Each line from the one containing "BOTTEGA VENETA ボッテガヴェネタ" to the end of the data must be copied exactly, the first and last included; no other lines and no pictures belong in the copy.

## Web page caption snippets
::::::
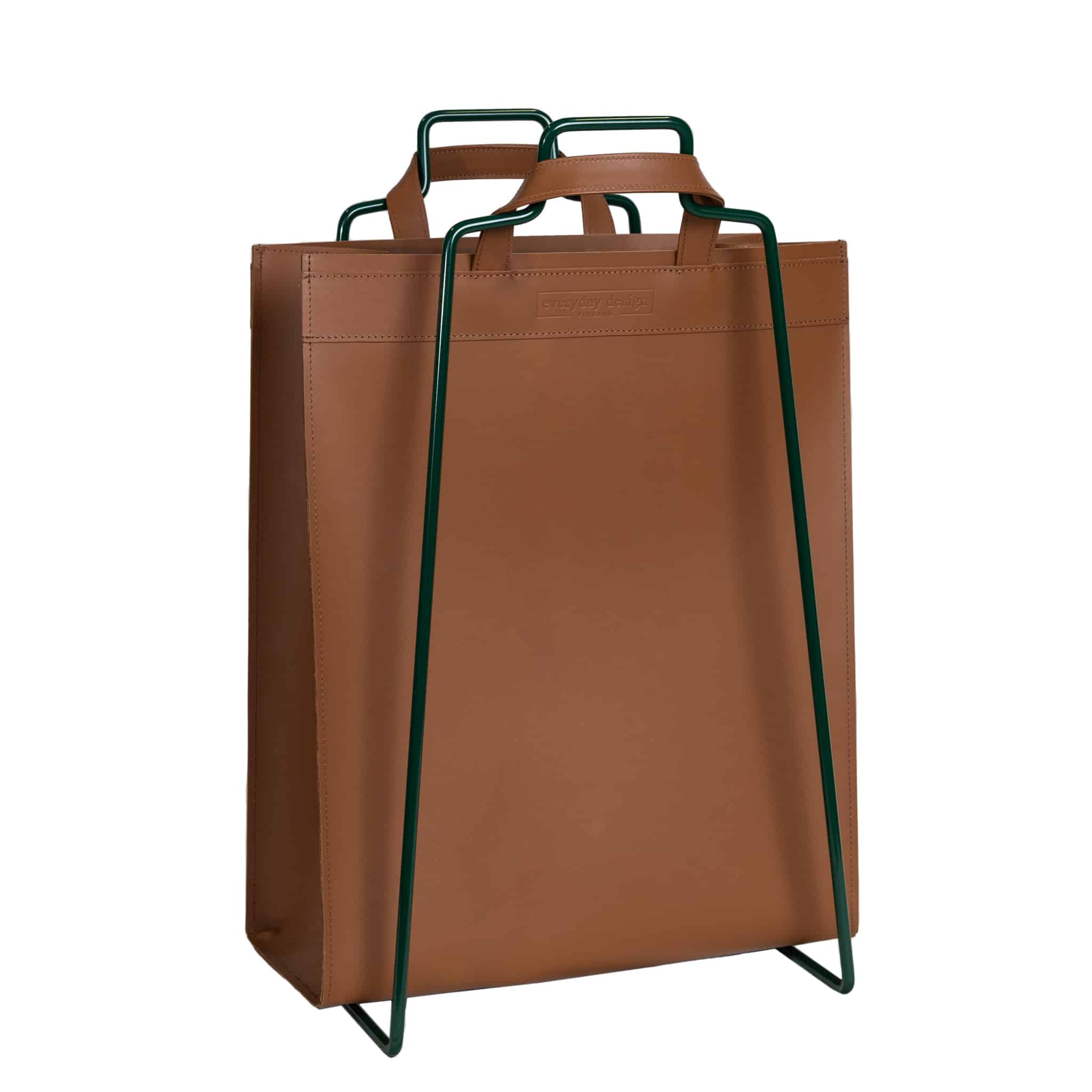 HELSINKI-Halter moosgrün + VAASA-Tasche braun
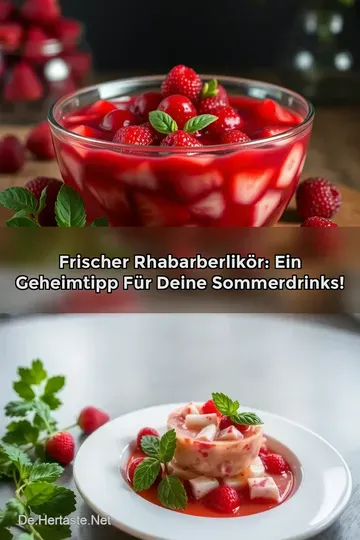 Frischer Rhabarberlikör: Ein Geheimtipp für Deine Sommerdrinks!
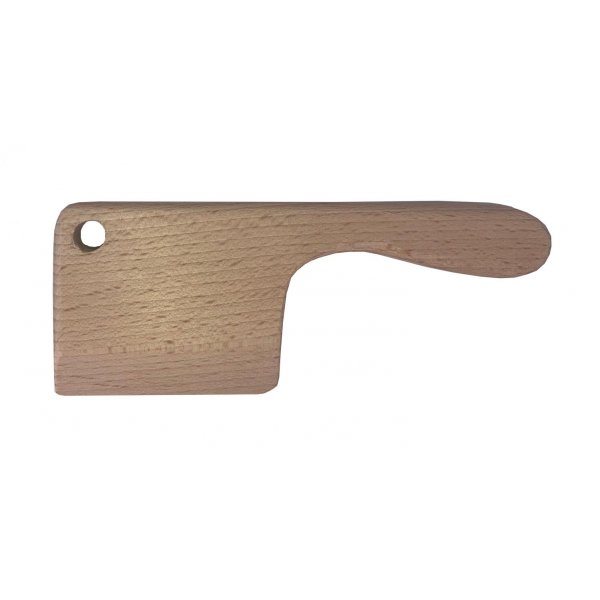 Beech wood knife and its cutting board for children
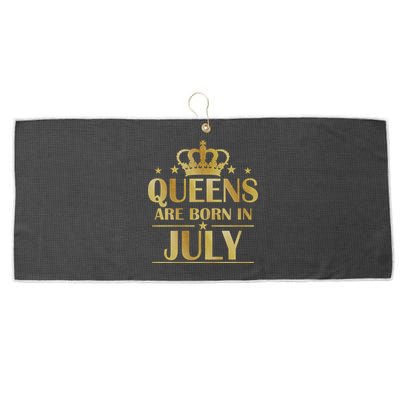 Limited Edition Queens Are Born In July Large Microfiber Waffle Golf Towel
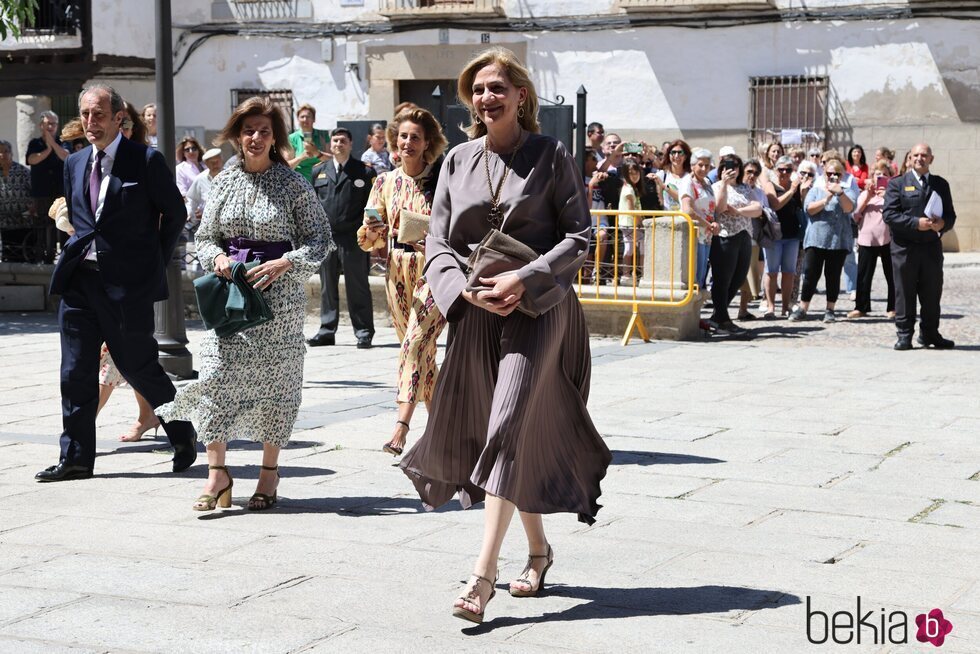 La Infanta Cristina de Borbón llega a la boda de Pepe Treviño y Paula Fernández Martínez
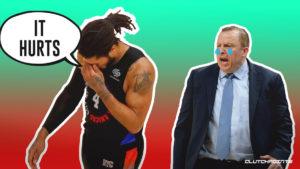 Knicks, Derrick Rose, Tom Thibodeau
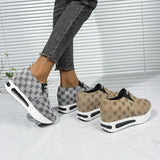 Patterened Platform Sneakers - AfterAmour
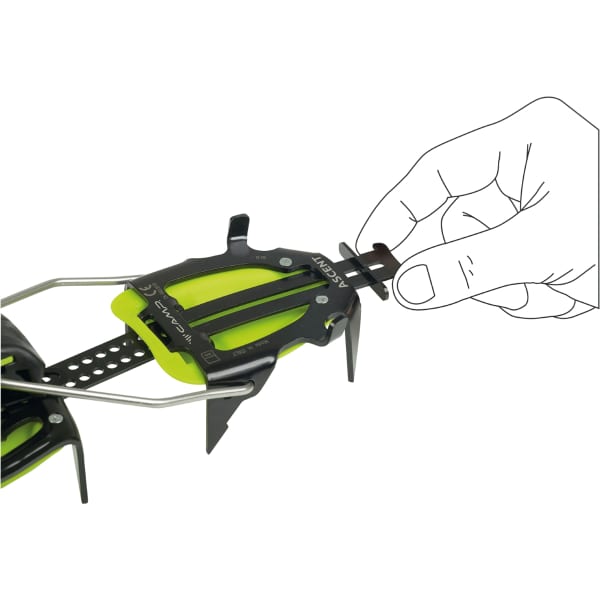 Crampon alpinisme CAMP ASCENT AUTO/SEMI-AUTOMATIC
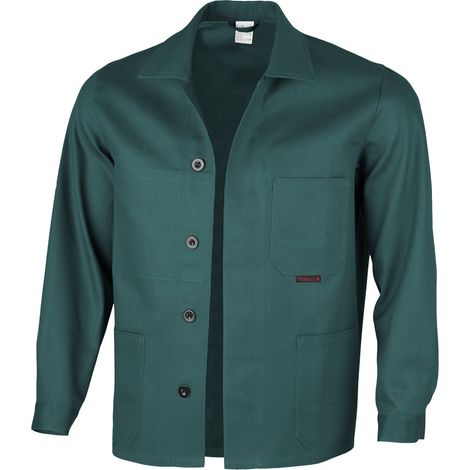 Qualitex Arbeitsjacke "classic", Größe: 42, Farbe: grün (1/2)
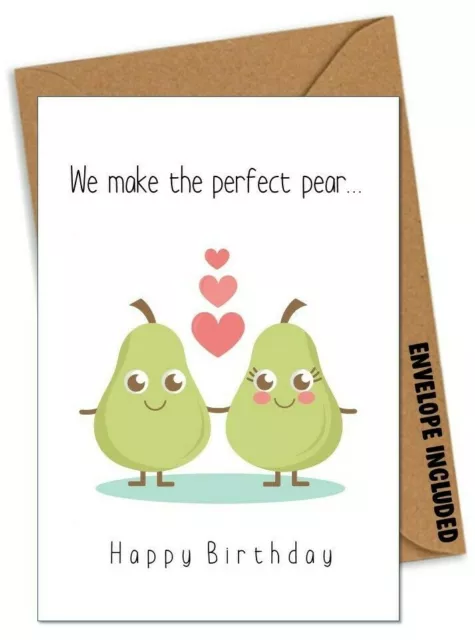 Funny BIRTHDAY Card Boyfriend Husband Girlfriend Wife Partner Rude Fiance /RZ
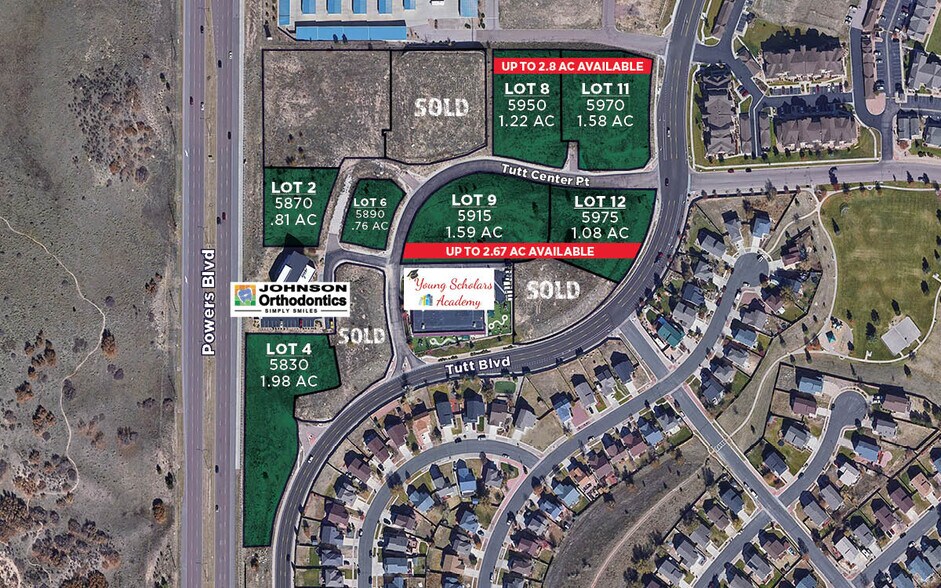 Primary Photo Of 5830-5975 Tutt Center Pt, Colorado Springs Land For Sale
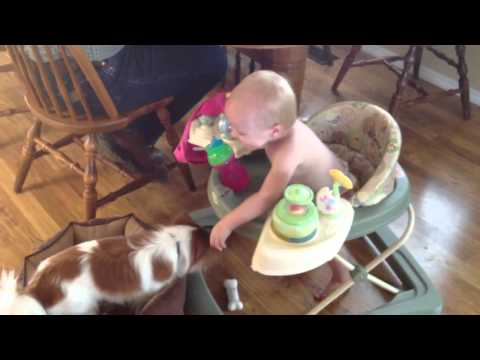 Caylin shares with the Dog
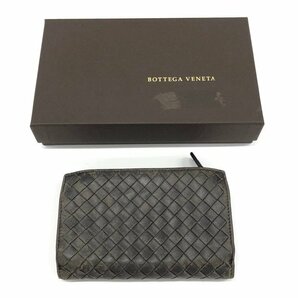 BOTTEGA VENETA ボッテガヴェネタ イントレチャート 二つ折り財布 箱付き【CDAY6041】の画像2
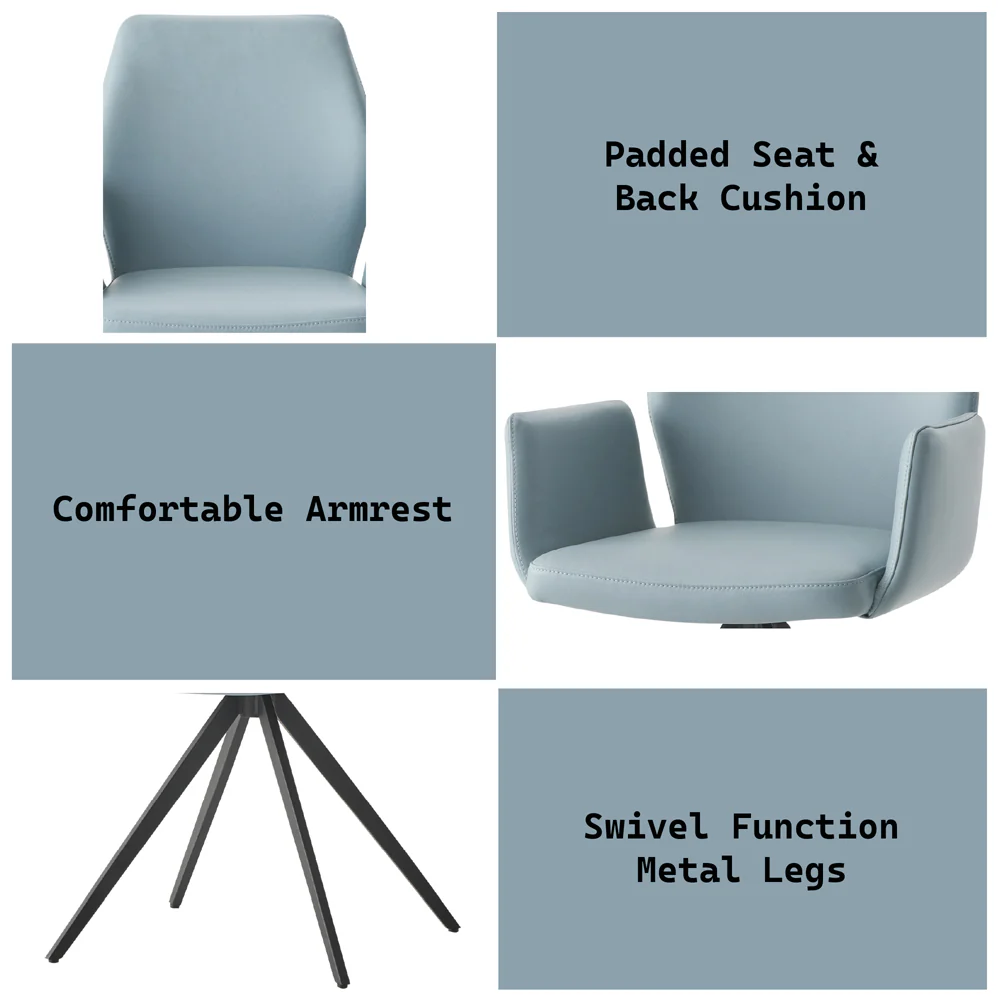 Segismunda Arm Chair w/Swivel - Image 9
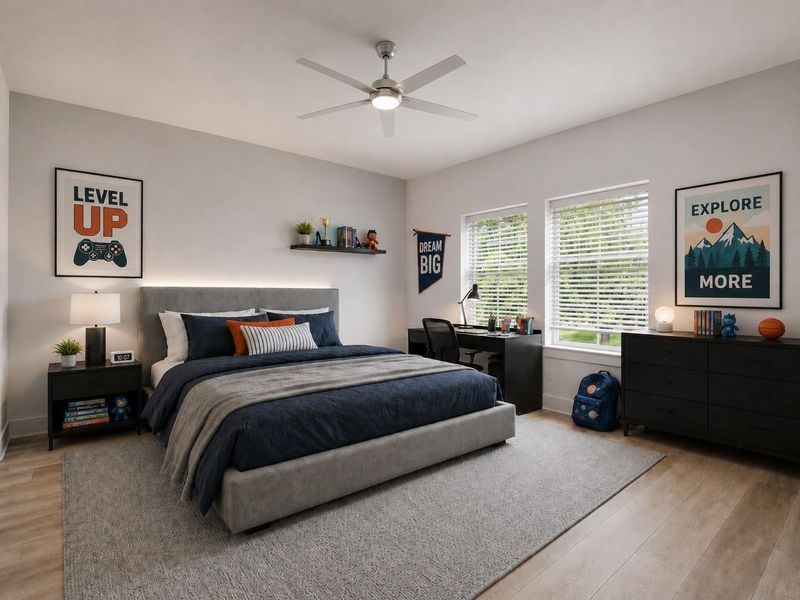 Finally, a home with generously sized secondary bedrooms and spacious closets to match. (Virtually staged) Finally, a home with generously sized secondary bedrooms and spacious closets to match. (Virtually staged)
::::::
## ANSWER AREA
 BOTTEGA VENETA ボッテガヴェネタ イントレチャート 二つ折り財布 箱付き【CDAY6041】の画像2
 Segismunda Arm Chair w/Swivel - Image 9
 Finally, a home with generously sized secondary bedrooms and spacious closets to match. (Virtually staged) Finally, a home with generously sized secondary bedrooms and spacious closets to match. (Virtually staged)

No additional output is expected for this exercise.